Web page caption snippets
'''
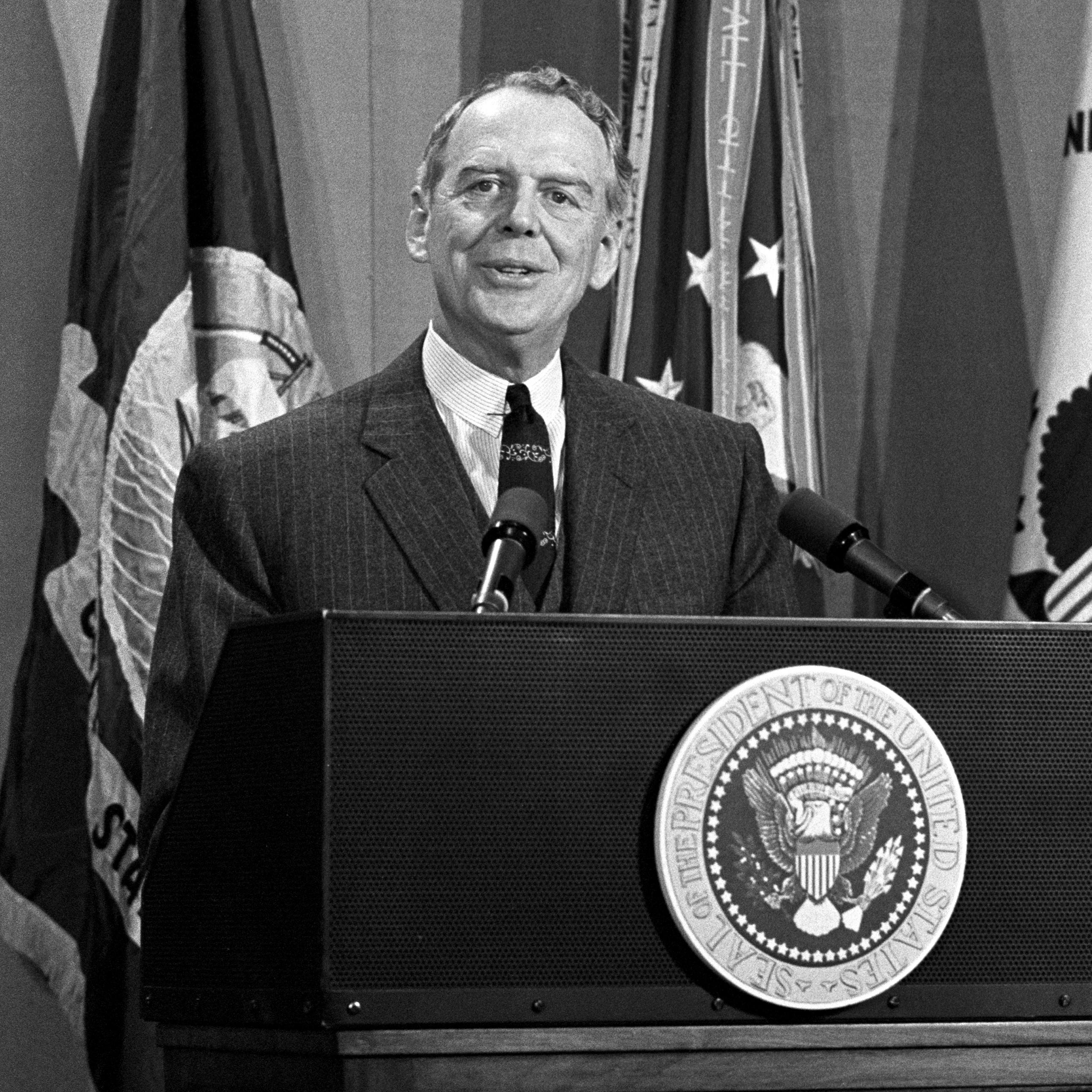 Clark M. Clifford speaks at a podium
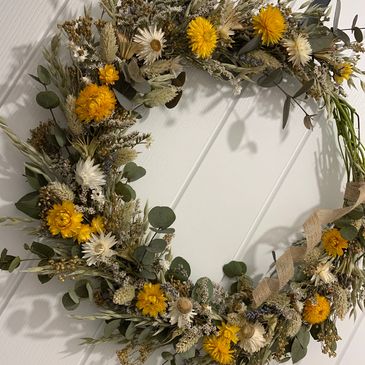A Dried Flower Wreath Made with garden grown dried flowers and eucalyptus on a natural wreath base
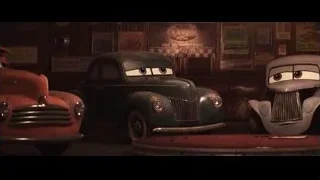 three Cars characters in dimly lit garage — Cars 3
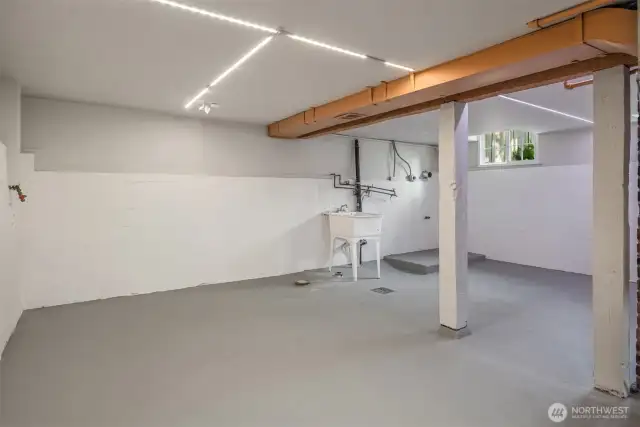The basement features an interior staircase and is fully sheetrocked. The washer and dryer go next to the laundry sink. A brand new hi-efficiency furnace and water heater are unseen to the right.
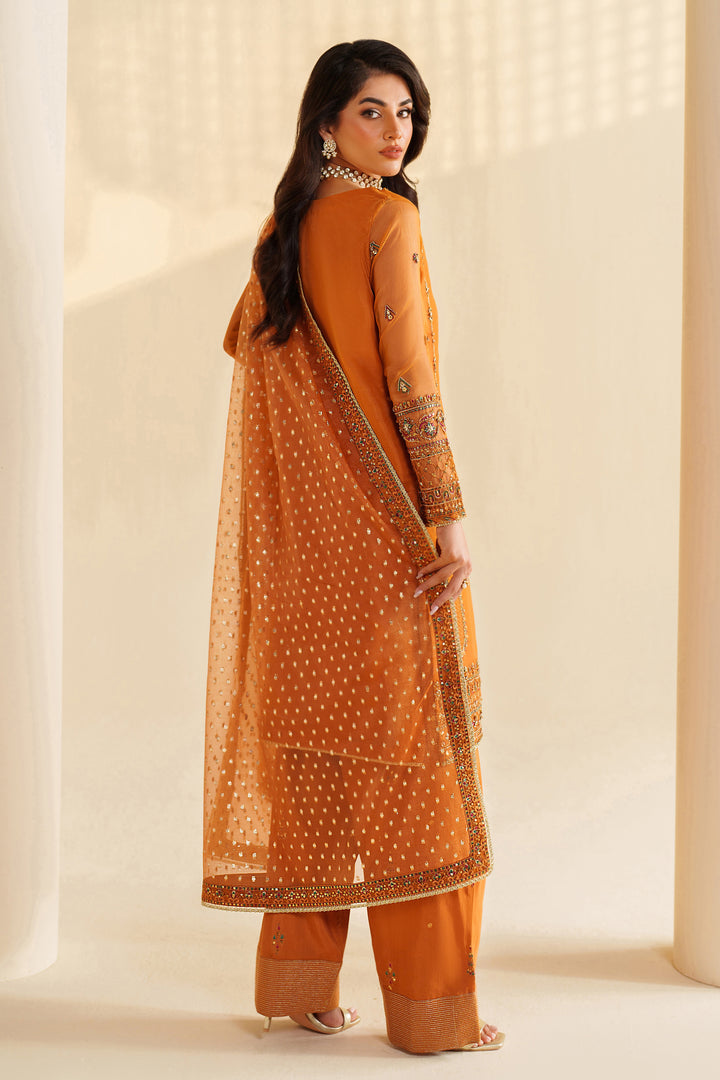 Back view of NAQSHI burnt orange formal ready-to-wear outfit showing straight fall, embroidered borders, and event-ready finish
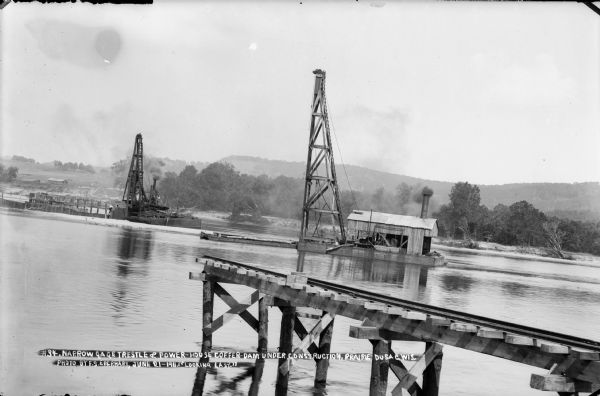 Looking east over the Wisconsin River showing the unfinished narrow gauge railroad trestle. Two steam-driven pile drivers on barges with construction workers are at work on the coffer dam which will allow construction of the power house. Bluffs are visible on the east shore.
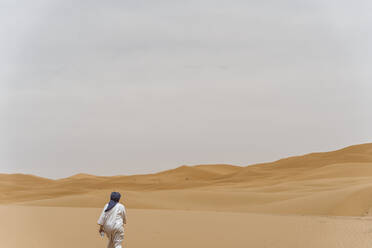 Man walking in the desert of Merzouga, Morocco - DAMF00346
'''
* **Assignment**
A faithful copy is needed: reproduce all of the data above, leaving the pictures out.

* **Result for this task**
 Clark M. Clifford speaks at a podium
A Dried Flower Wreath Made with garden grown dried flowers and eucalyptus on a natural wreath base
 three Cars characters in dimly lit garage — Cars 3
The basement features an interior staircase and is fully sheetrocked. The washer and dryer go next to the laundry sink. A brand new hi-efficiency furnace and water heater are unseen to the right.
 Back view of NAQSHI burnt orange formal ready-to-wear outfit showing straight fall, embroidered borders, and event-ready finish
 Looking east over the Wisconsin River showing the unfinished narrow gauge railroad trestle. Two steam-driven pile drivers on barges with construction workers are at work on the coffer dam which will allow construction of the power house. Bluffs are visible on the east shore.
 Man walking in the desert of Merzouga, Morocco - DAMF00346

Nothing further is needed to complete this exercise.